Risk of being detected as not doing so, and slashed by discretion of storage working group lead.
Lost revenue from not being picked to be synched from

These incentives are fine, but they are obviously imperfect. There is monitoring cost and collusion risk in 1) and for very low popularity content the net marginal bandwidth revenue could hypothetical be lower than expected storage costs in 2).

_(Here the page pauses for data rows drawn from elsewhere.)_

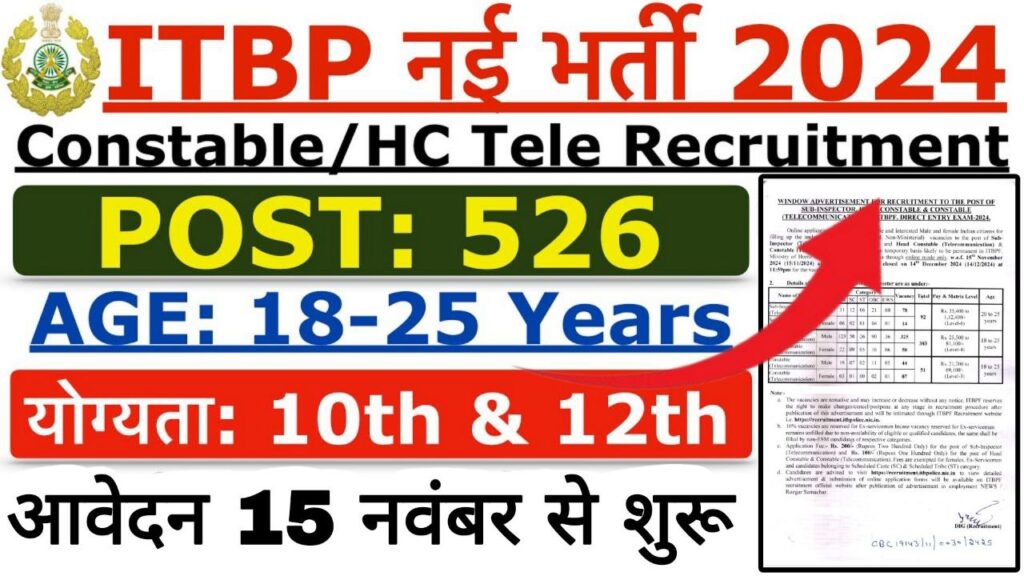 ITBP Telecom Vacancy: आईटीबीपी दूरसंचार विभाग ने सब इंस्पेक्टर, हेड कांस्टेबल और कांस्टेबल के पदों पर भर्ती का नोटिफिकेशन जारी 1 ITBP Telecom Vacancy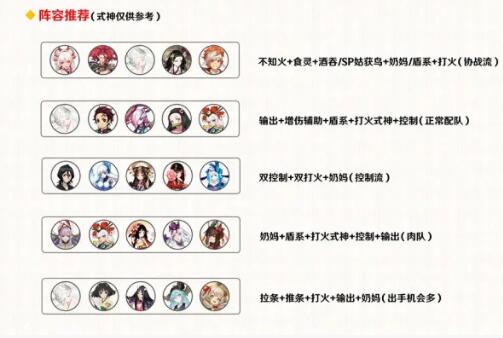 《阴阳师》夜行荒河阵容推荐攻略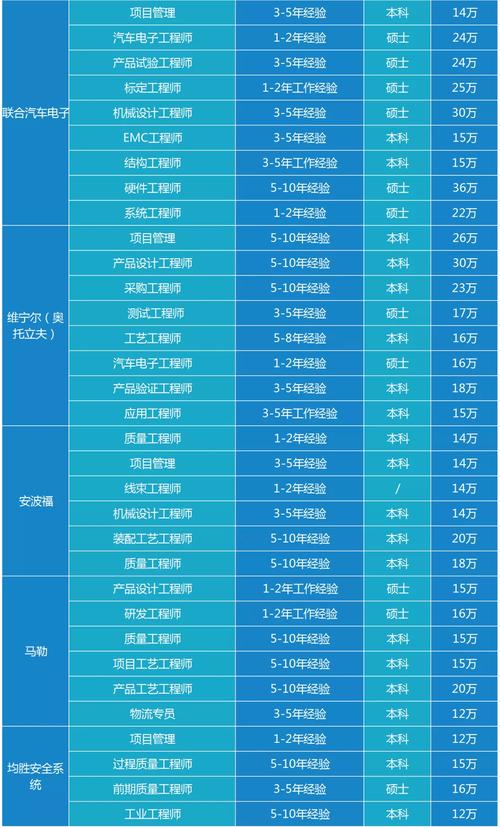 研发工程师待遇(研发工程师待遇好吗)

We could throw one additional, relatively simple, incentive into the mix, which is to use the same proving mechanism that Sia has, where basically the chain will probabilistically challenge a storage provider to submit a fragment of the data it is supposed to store on-chain, and the validity of that data is authenticated in the runtime using a Merkle proof and the root hash initially committed to. No valid reply will result in a slashing. Here it is worth nothing that it could make sense to have two distinct commitments per object, one with large chunks, useful for doing iterative validation of dataobjects during p2p synching, and one with small chunks, used for on-chain challenges, to minimize total footprint on-chain. Conceptually this is super simple, and we are very well placed to do the same in v2, as we are literally storing a data hash in the state as well (for other temporary reasons actually). This mechanism is of-course also not perfect, e.g. there is a risk of

storage providers attempting to opportunistically download the data on-demand form other providers to respond to the challenge. This risk can be partially mitigated by making the time bound on the response very tight, e.g. 2-3 blocks, which imposes serious risk of peer providers not responding in time.
it adds size to the ledger, as the size of the data and the proof, takes some space. To minimise this problem we really need tocome up with some decent scheme for making the original Merkle commitments so that the tradeoff between the size of the challenge data and the merkle branch leads to the minimal total size.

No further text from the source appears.